Artık çocuklara eziyet mi dersiniz, çektikleri çile mi dersiniz bilmem ama bana göre tam bir insafsızlık. Üstelik bu durum, 6 yıldır devam ediyor.
2016 yılı eylül ayında başlanmıştı 'kalıcı yaz saati uygulaması', Bakanlar Kurulu'nun kararıyla…
Elektrik Mühendisleri Odası Yönetim Kurulu Üyesi Mehmet Özdağ, yıllardır anlatıyor ama dinleyen yok. Özdağ, saat diliminin belirlenmesinde Türkiye’nin doğusu ve batısı arasındaki saat farkının önemine işaret ederken, “Her ülke kendi gerçeğine göre hareket etmek durumunda" diyor.
Nedir o gerçekler?
Örneğin Türkiye’nin doğusu ile batısı arasındaki mesafe 1600 kilometre civarında. Bunun dakika karşılığı tam 76 dakika.
Hal böyle olunca Türkiye’nin sabitlediği saat dilimi GMT+3 olarak ana boylamdan üç saat ileride. Iğdır’ın doğusundan geçen İran sınırları içerisinde olan bir saat diliminden bahsediyoruz.
Bu durumda Iğdır’daki vatandaşlarımız için bir sorun yok diyebiliriz. Fakat İstanbul gibi bir metropol söz konusu olduğu zaman bunun akılla mantıkla çok izah edilebilir bir tarafı yok.
Doğusu ile batısı arasında zaman farkı olmayan ülkeler için bunu sabitliyor olmak makul bir durum. Türkiye için değil.
Peki, bu uygulamanın amacı ne? Elektrikten tasarruf etmek.
Oysaki Mehmet Özdağ, EMO'nun yaptığı hesaplamalara göre elektrik tüketim artış oranının, yıllık artışın çok üzerinde olduğuna işaret ediyor.
TÜİK’in sanayi verileri üzerinden hazırladığı raporda da durum böyle: Olağanüstü bir üretim artışı var.
Çocuklarımızı sabahın zifiri karanlığında sıcak yataklarından kaldıran uygulama asıl kimin işine yarıyor biliyor musunuz
Özel sektörün.
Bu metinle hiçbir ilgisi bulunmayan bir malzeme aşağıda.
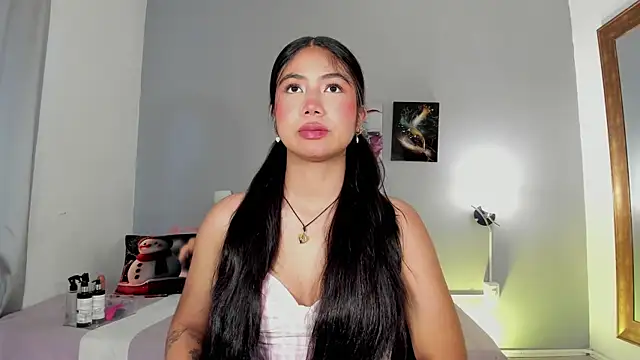 KimTayloor1 online show from 11/20/25, 07:36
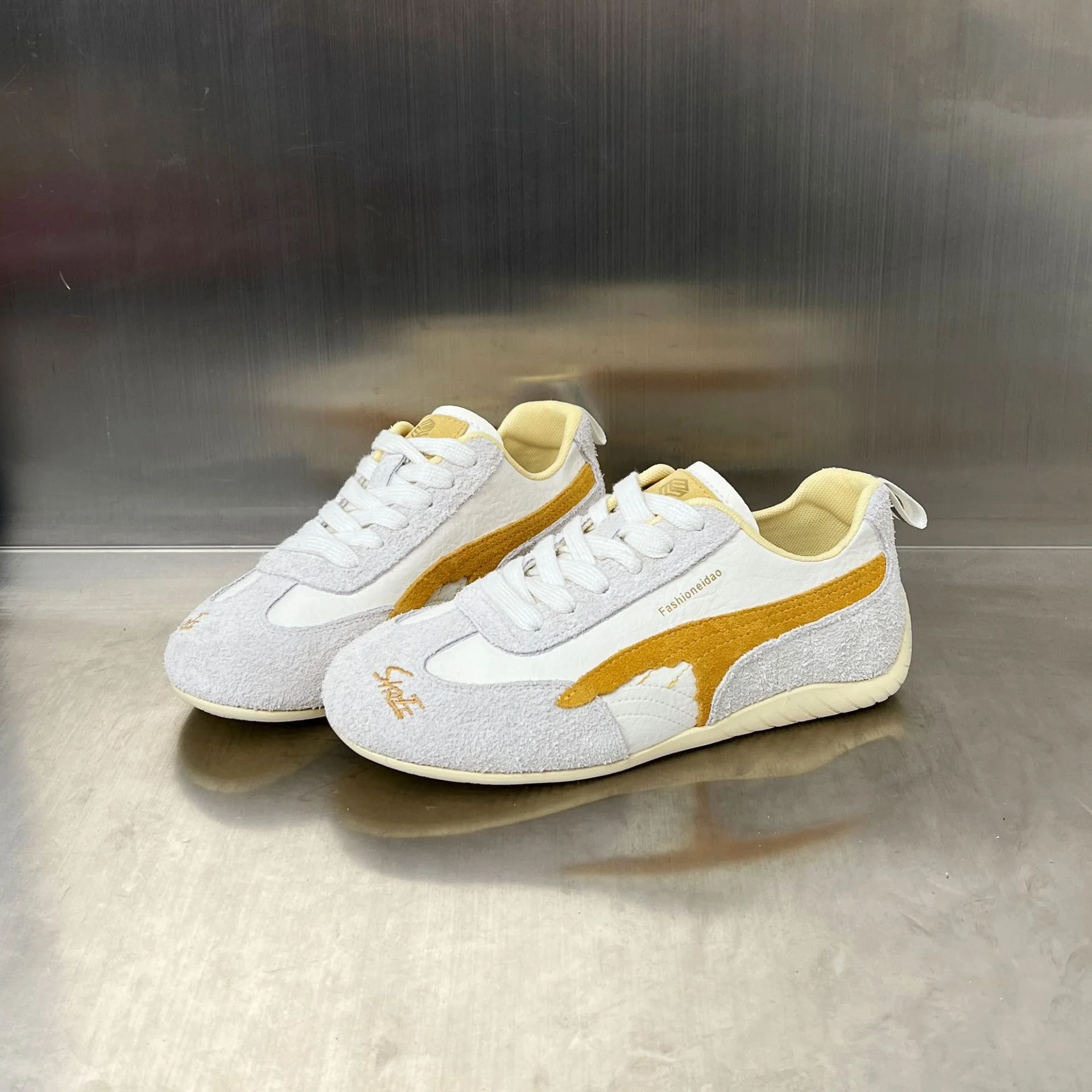 Damen Modische Sneakers mit elegantem Obermaterial und rutschfester Sohle Heidi Mode - Image 4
Yani elektrik dağıtım şirketlerinin.
Türkiye’de enerji sektörünün yüzde 80’den fazlasını özel sektör üretiyor, elektrik dağıtımının da yüzde 100’ü de özel sektörün elinde.
Enerji ve Tabi Kaynaklar Bakanı geçen hafta dedi ki; "Yaz saati uygulaması kapsamında 2016 yılından bu yana 6 milyar TL tasarruf ettik."
Yani bakanın açıklamasına göre yılda 1.1 milyar kilovatsaat tasarruf edilmiş.
Peki, üretim ne kadar?
EMO'nun verilerine göre ise sadece 2020 yılında, 305 milyar kilovatsaat elektrik enerjisi üretmişiz.
1.1 milyar kilowat saat tasarrufa karşılık, üretilen elektrik 305 milyar kilowatsaat.
Devede kulak bile değil.
Özel sektöre gümrük ve çevre muafiyeti tanındığı, piyasanın çok üzerinde satın alma garantisinin yanı sıra daha bir sürü desteğin özel şirketlere aktarıldığı yerde, çocukların uykusundan çalarak yapılan 1 milyar kilowatsaat tasarruf kimin işine yarıyor o zaman?
İnsafa gelin!
Özel sektör para kazanacak diye, çocuklarımıza da uykuyu haram etmeyin!